BEGIN
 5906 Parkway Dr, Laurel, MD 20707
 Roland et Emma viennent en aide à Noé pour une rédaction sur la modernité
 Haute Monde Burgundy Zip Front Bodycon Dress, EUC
END
BEGIN
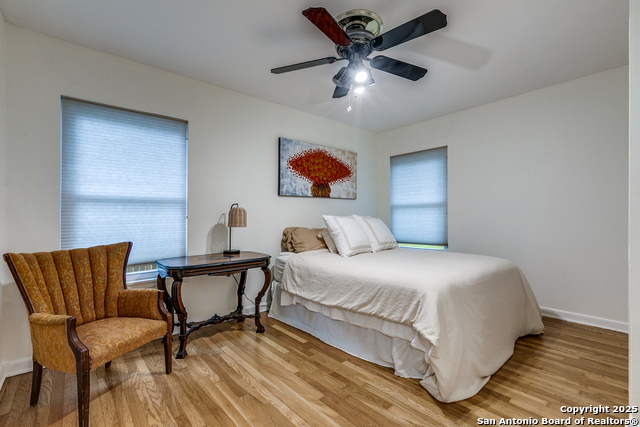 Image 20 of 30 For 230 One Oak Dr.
END
BEGIN
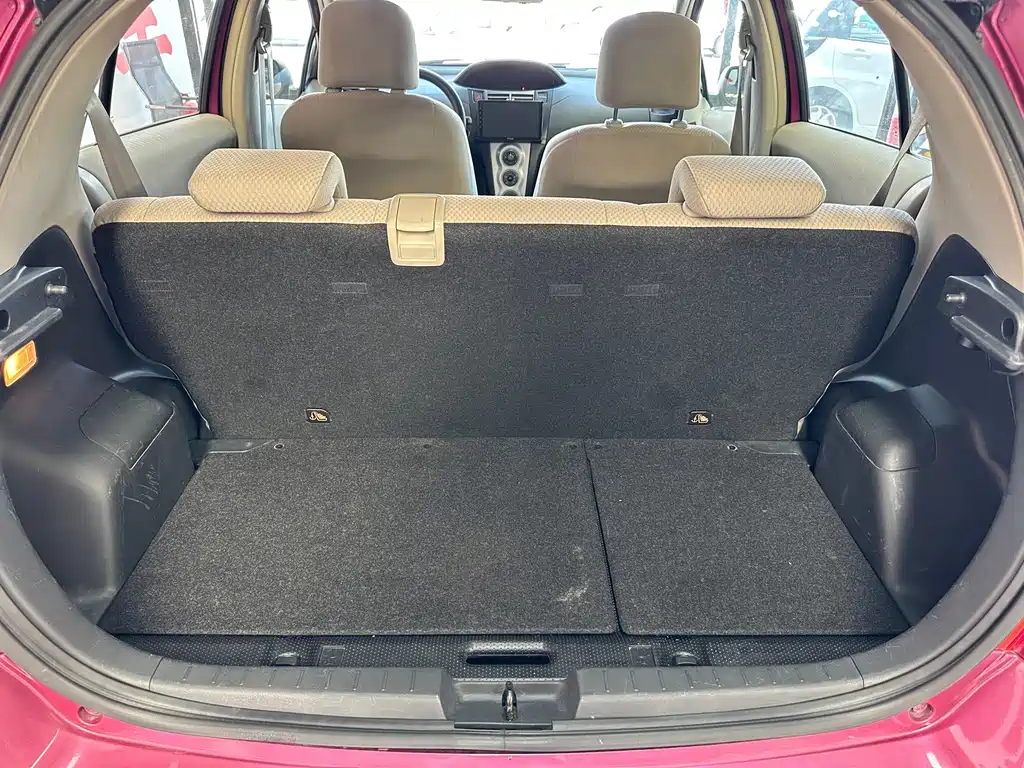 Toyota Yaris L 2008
END
= About this task =
Proceeding from the line containing "5906 Parkway Dr, Laurel, MD 20707" through the line containing "Haute Monde Burgundy", transcribe the lines above exactly, both end lines included.

= Written solution =
 5906 Parkway Dr, Laurel, MD 20707
 Roland et Emma viennent en aide à Noé pour une rédaction sur la modernité
 Haute Monde Burgundy Zip Front Bodycon Dress, EUC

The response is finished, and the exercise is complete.